INSTRUCTIONS TO FOLLOW -
Please repeat, from the entries that follow, the lines from the one containing "크린랩 뽑아쓰는 크린백 25cm x 35cm, 중(M), 300개입, 3개" through the one containing "All we need" exactly, adding nothing.

Records from a data source:
=== Section Start ===

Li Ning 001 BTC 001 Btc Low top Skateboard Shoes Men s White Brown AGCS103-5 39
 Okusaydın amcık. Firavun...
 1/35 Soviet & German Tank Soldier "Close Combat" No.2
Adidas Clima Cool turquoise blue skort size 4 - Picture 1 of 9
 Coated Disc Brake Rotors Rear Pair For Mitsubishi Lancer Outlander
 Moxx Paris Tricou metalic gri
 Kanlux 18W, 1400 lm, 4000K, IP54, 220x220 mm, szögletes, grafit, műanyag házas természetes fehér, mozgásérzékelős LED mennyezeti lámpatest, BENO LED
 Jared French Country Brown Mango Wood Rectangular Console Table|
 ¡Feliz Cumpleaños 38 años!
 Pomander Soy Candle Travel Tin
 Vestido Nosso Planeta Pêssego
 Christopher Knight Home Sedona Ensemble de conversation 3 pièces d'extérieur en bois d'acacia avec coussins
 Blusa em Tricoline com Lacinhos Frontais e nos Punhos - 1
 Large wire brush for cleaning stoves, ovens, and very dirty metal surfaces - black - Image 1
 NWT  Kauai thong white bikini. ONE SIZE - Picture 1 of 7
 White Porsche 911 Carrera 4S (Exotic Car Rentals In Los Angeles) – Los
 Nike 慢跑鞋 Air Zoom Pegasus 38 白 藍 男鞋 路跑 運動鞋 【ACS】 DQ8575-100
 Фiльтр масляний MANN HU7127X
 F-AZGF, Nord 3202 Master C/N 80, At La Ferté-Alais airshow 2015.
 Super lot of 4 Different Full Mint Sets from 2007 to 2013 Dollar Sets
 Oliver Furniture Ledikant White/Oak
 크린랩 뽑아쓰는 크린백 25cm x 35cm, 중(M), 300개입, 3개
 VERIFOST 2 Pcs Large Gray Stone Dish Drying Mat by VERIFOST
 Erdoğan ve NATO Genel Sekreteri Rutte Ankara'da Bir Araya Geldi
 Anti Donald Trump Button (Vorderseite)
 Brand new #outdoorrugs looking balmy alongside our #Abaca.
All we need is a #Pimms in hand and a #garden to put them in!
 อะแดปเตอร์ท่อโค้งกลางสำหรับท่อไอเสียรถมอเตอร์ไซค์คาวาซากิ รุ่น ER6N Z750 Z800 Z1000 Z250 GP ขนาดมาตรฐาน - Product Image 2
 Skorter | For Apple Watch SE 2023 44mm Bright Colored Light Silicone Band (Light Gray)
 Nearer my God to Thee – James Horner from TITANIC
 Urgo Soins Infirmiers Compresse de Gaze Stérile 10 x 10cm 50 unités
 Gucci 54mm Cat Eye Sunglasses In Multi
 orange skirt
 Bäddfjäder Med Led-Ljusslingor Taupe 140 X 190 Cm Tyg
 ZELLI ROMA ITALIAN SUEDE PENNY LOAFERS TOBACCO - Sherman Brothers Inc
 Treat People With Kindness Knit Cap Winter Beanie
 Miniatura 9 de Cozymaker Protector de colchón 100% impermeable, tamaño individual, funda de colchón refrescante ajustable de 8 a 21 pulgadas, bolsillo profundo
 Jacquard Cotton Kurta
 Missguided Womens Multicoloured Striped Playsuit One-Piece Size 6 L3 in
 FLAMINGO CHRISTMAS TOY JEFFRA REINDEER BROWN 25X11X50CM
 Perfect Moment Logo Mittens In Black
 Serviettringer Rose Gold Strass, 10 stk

=== Section End ===

FINISHED TASK -
 크린랩 뽑아쓰는 크린백 25cm x 35cm, 중(M), 300개입, 3개
 VERIFOST 2 Pcs Large Gray Stone Dish Drying Mat by VERIFOST
 Erdoğan ve NATO Genel Sekreteri Rutte Ankara'da Bir Araya Geldi
 Anti Donald Trump Button (Vorderseite)
 Brand new #outdoorrugs looking balmy alongside our #Abaca.
All we need is a #Pimms in hand and a #garden to put them in!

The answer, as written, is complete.